From d4fbf6ef39e4473e0dbe2403f8ada06f3e9bef05 Mon Sep 17 00:00:00 2001
From: fracapuano <francesco.capuano@huggingface.co>
Date: Sat, 7 Jun 2025 00:47:11 +0200
Subject: [PATCH] add: support for videos generation in datasets

---
 tests/fixtures/dataset_factories.py | 81 ++++++++++++++++++++++-------
 1 file changed, 63 insertions(+), 18 deletions(-)

diff --git a/tests/fixtures/dataset_factories.py b/tests/fixtures/dataset_factories.py
index 08bfe10a4..ac79139fb 100644
--- a/tests/fixtures/dataset_factories.py
+++ b/tests/fixtures/dataset_factories.py
@@ -69,15 +69,49 @@ def img_tensor_factory():
 
 @pytest.fixture(scope="session")
 def img_array_factory():
-    def _create_img_array(height=100, width=100, channels=3, dtype=np.uint8) -> np.ndarray:
-        if np.issubdtype(dtype, np.unsignedinteger):
-            # Int array in [0, 255] range
-            img_array = np.random.randint(0, 256, size=(height, width, channels), dtype=dtype)

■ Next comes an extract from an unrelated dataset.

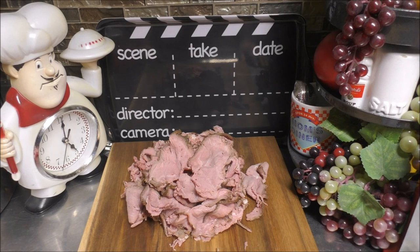And thank you for taking the time to watch my video.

-        elif np.issubdtype(dtype, np.floating):
-            # Float array in [0, 1] range
-            img_array = np.random.rand(height, width, channels).astype(dtype)
+    def _create_img_array(height=100, width=100, channels=3, dtype=np.uint8, content=None) -> np.ndarray:
+        if content is None:
+            # Original random noise behavior
+            if np.issubdtype(dtype, np.unsignedinteger):
+                # Int array in [0, 255] range
+                img_array = np.random.randint(0, 256, size=(height, width, channels), dtype=dtype)
+            elif np.issubdtype(dtype, np.floating):
+                # Float array in [0, 1] range
+                img_array = np.random.rand(height, width, channels).astype(dtype)
+            else:
+                raise ValueError(dtype)
         else:
-            raise ValueError(dtype)
+            # Create image with text content using OpenCV
+            import cv2
+
+            # Create white background
+            img_array = np.ones((height, width, channels), dtype=np.uint8) * 255
+
+            # Font settings
+            font = cv2.FONT_HERSHEY_SIMPLEX
+            font_scale = max(0.5, height / 200)  # Scale font with image size
+            font_color = (0, 0, 0)  # Black text
+            thickness = max(1, int(height / 100))
+
+            # Get text size to center it
+            text_size = cv2.getTextSize(content, font, font_scale, thickness)[0]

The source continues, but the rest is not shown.